• _TO DO_:
Set down the line containing "Chicken tacos with guacamole on a plate." and each line after it through the last line of the records, exactly, leaving pictures out.

• _DATASET_:
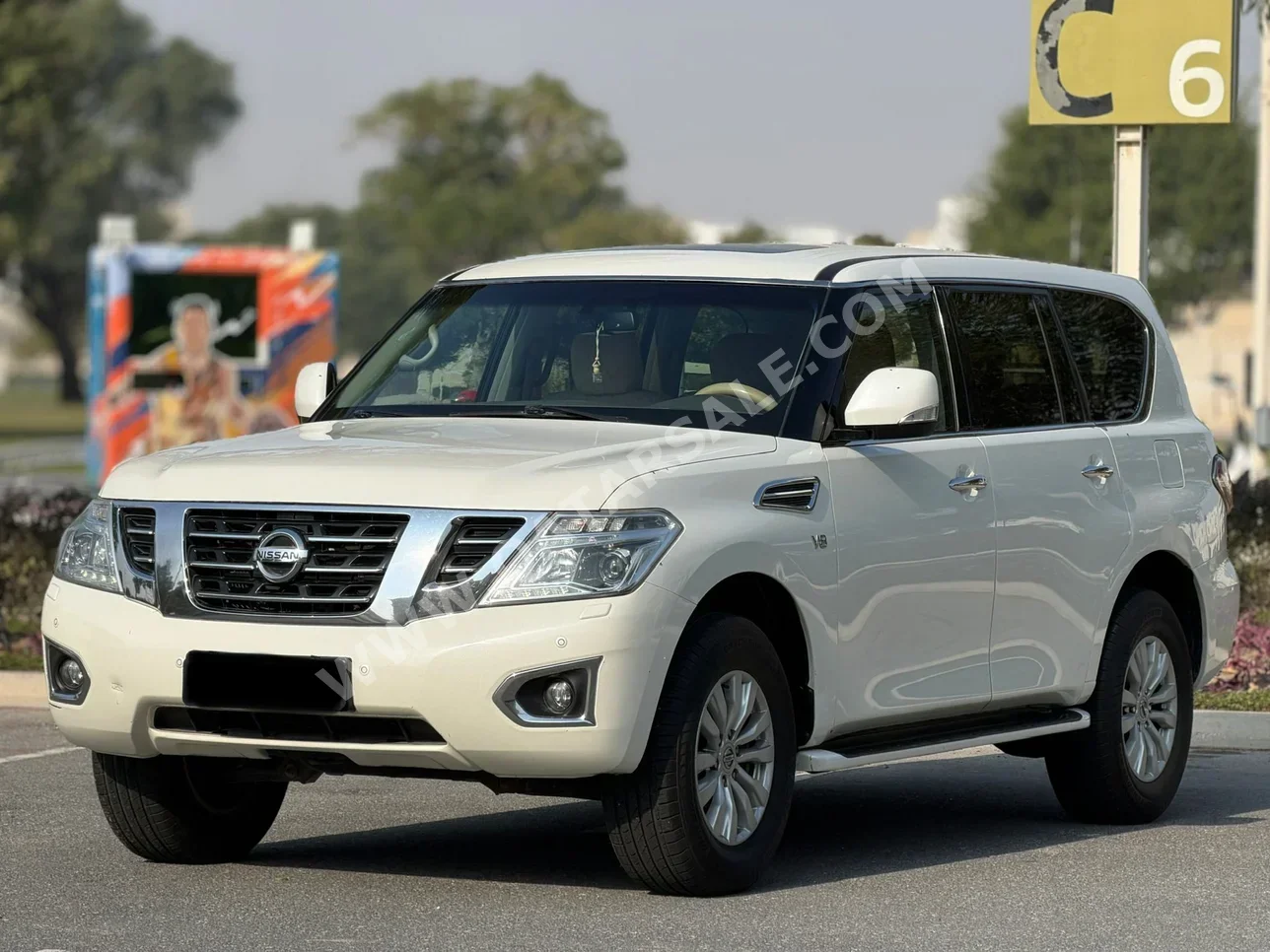 نيسان  باترول  اس اي  2015  اوتوماتيك  310,000 كم  8 سلندر  دفع رباعي  اس يو في  أبيض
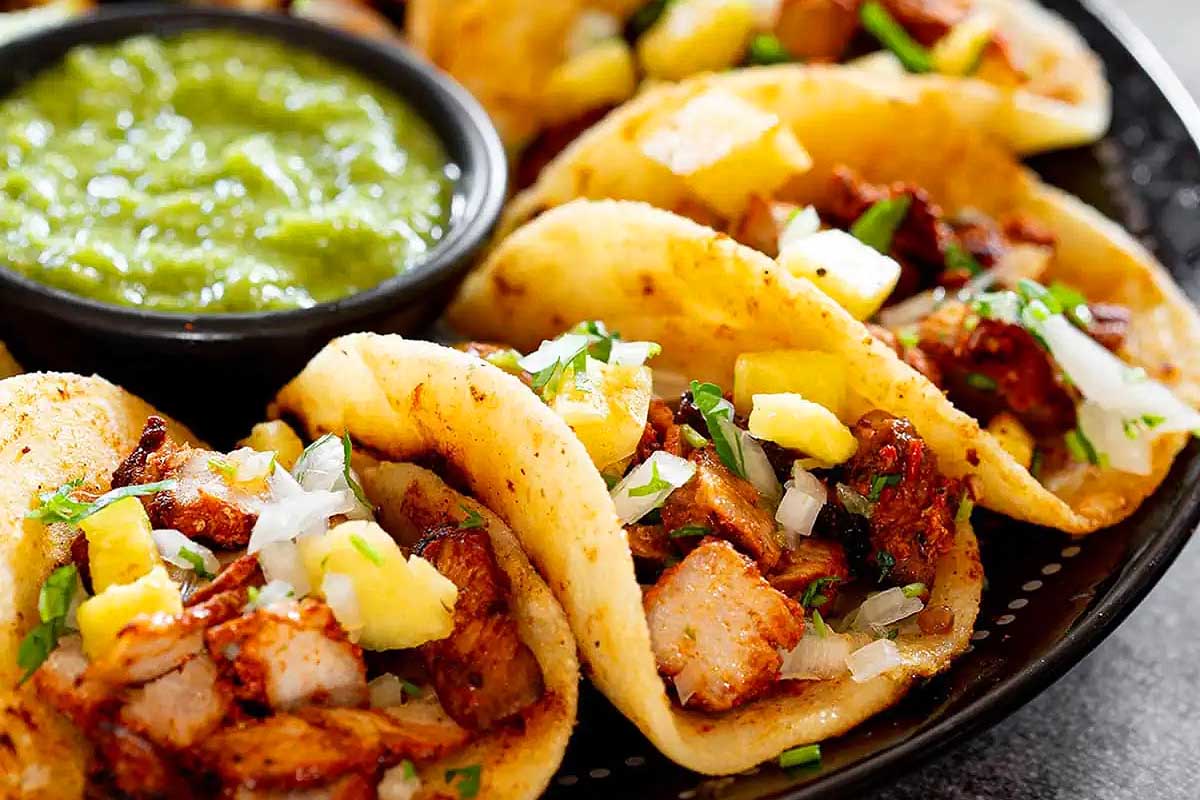 Chicken tacos with guacamole on a plate.
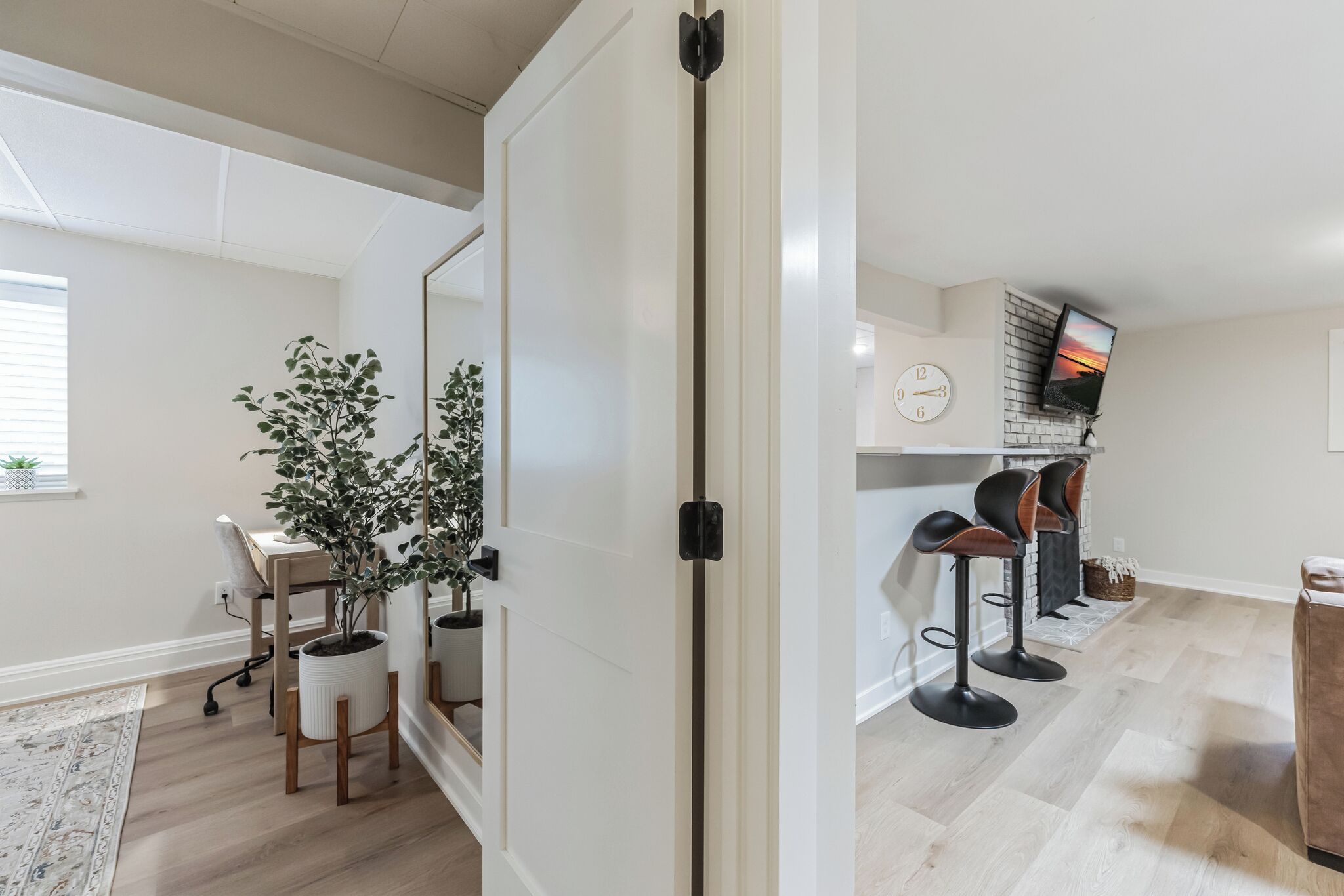 Een moderne keuken met een tegelwand, een eethoek met een tafel en stoelen, en een aan de muur bevestigde televisie.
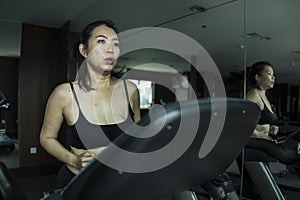 Gym workout portrait of young beautiful and sporty Asian Chinese woman running at fitness club jogging in treadmill training in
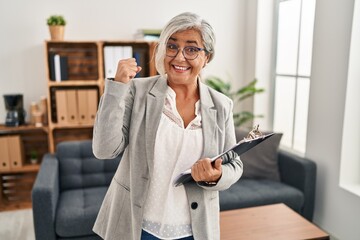 Poster - Middle age woman with grey hair at consultation office very happy and excited doing winner gesture with arms raised, smiling and screaming for success. celebration concept.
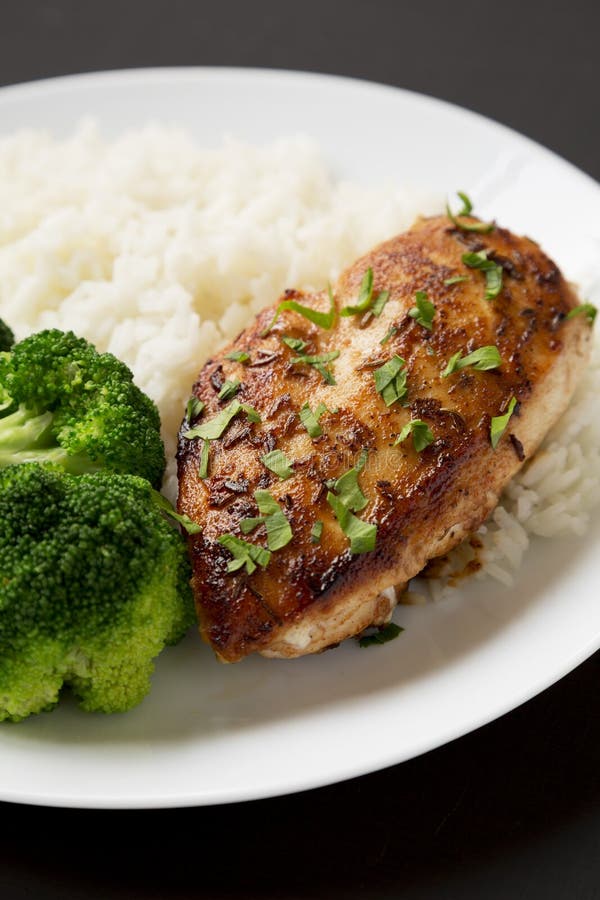 Homemade Chicken Breast, Rice and Broccoli on a White Plate on a Black ...
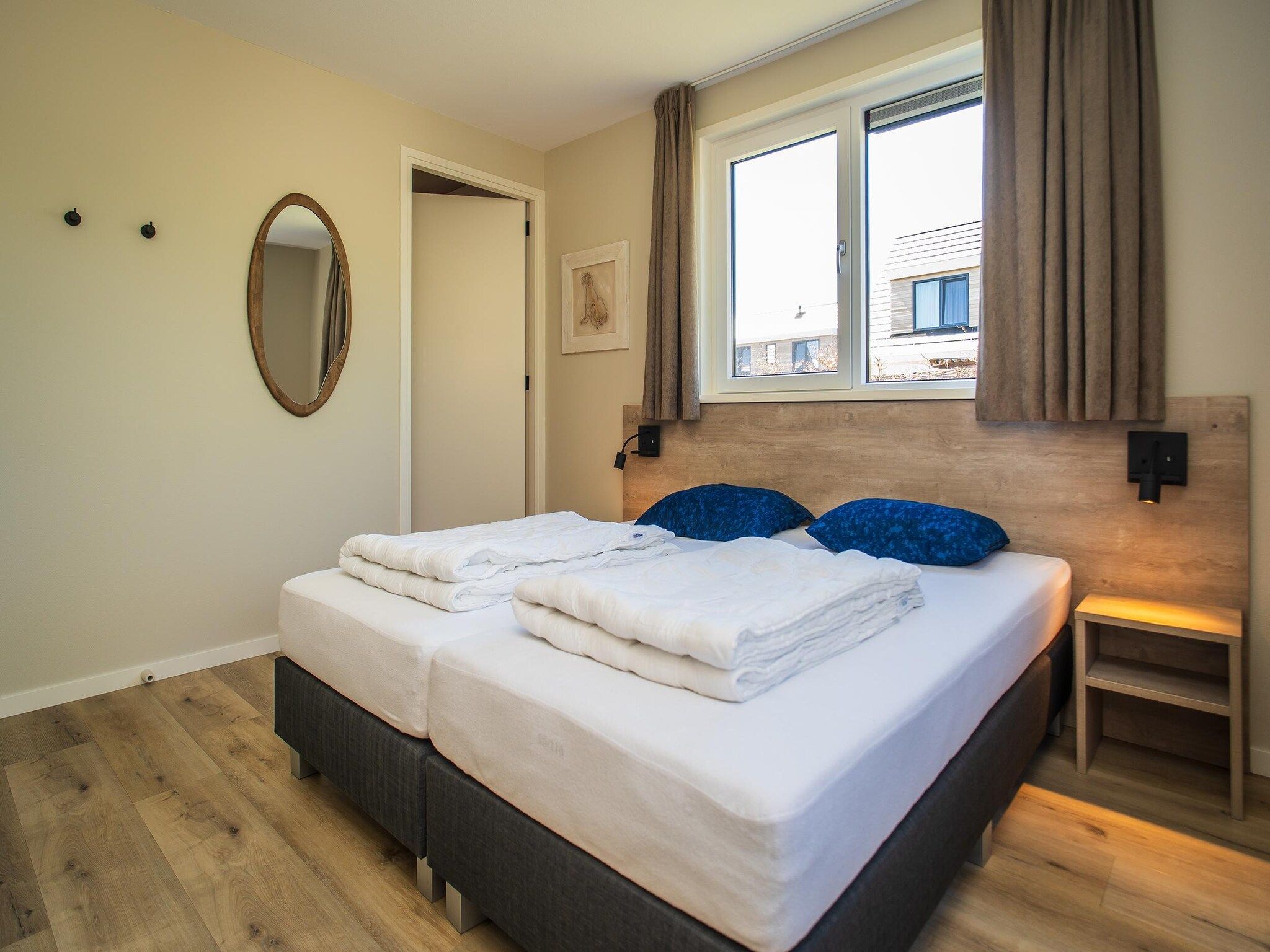 Een slaapkamer van So What 21 in De Koog Texel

• _COMPLETED EXERCISE_:
 Chicken tacos with guacamole on a plate.
 Een moderne keuken met een tegelwand, een eethoek met een tafel en stoelen, en een aan de muur bevestigde televisie.
 Gym workout portrait of young beautiful and sporty Asian Chinese woman running at fitness club jogging in treadmill training in
 Poster - Middle age woman with grey hair at consultation office very happy and excited doing winner gesture with arms raised, smiling and screaming for success. celebration concept.
 Homemade Chicken Breast, Rice and Broccoli on a White Plate on a Black ...
 Een slaapkamer van So What 21 in De Koog Texel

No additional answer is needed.